A look at weekly east coast lamb slaughter volumes as reported by MLA demonstrate that we would need to see weekly slaughter volumes between 330,000 to 350,000 head per week to match the level of lamb slaughter we saw in 2020. As the current season trend outlines, we have been managing weekly levels of this magnitude since returning from the Easter break in April, so it certainly seems achievable.

The picture for sheep slaughter is somewhat different. MLA are expecting to see 6.1 million head of sheep processed for the 2021 season. However, as of the middle of the year there have only been 2.3 million head of sheep sent to meat works according to the ABS June data release.  This leaves approximately 3.8 million head of sheep required to be processed for the second half of the year to meet the MLA target.

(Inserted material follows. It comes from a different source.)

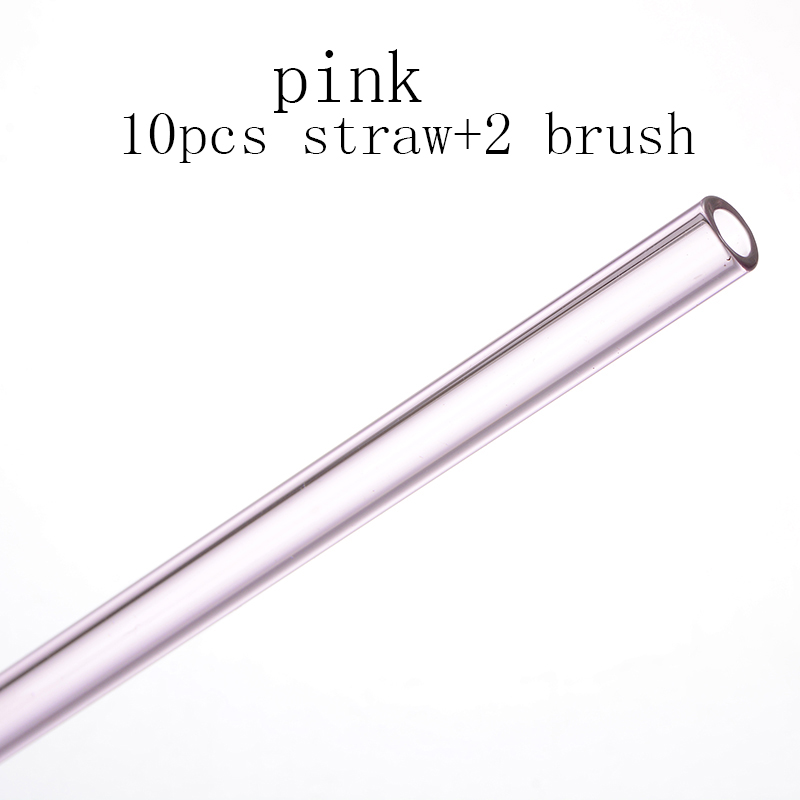 Paille en verre réutilisable faite à la main avec 2 pièces, brosse de nettoyage , pipette droite en verre, Tubularis: pink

As the average pattern for sheep slaughter demonstrates it is not uncommon to see a seasonal lull in processing volumes in the June quarter, with volumes often gaining momentum into quarter three and four. Assuming a similar pattern of sheep slaughter as the average trend we would need to see a 40%-45% lift in slaughter on the volumes seen during the second half of 2020 to meet the MLA target of 6 .1 million head of sheep processed by the end of 2021. This would equate to around 1.7 million head of sheep processed in quarter three and 2.1 million head for quarter four, if volumes were to mirror the average seasonal pattern.

The favourable season, low supply and strong intent to rebuild the flock has seen weekly sheep slaughter volumes persist at the lower end of the normal range for much of 2020 and 2021, as highlighted by the east coast weekly slaughter figures reported by MLA. In order to reach the MLA target of 6.1 million head of sheep slaughter by the end of 2021 we are going to need to see weekly slaughter volumes average around 100,000 head to the end of the year.

With the forecast for a wetter than normal spring and the prospect of a heap of green pasture available into summer it seems unlikely there will be much incentive for producers to turn off sheep at this magnitude to reach the MLA target of 6.1 million head.

Red Meat and Wool Growth seminars

This month, StockCo had a great opportunity to be involved in the agent-focused Red Meat and Wool Growth seminars that were run by the South Australia government with PIRSA and MLA.

Our National Business Development Manager, Chris Howie, attended the event – rubbing shoulders with agents and brokers from all over South Australia. Covering sheep and wool on day one and cattle on day two, the seminar saw a combined attendance of 64 (with some people attending both days), and eight agencies plus facilitators were all represented.

Michael Blake, Senior Advisor at PIRSA and Red Meat and Wool, focused on eTech opportunities in the livestock industry and coordinated both days. Jason Trompf combined humour with facts to speak to agents about helping producers read animal health signals in order to lift survival rates and productivity.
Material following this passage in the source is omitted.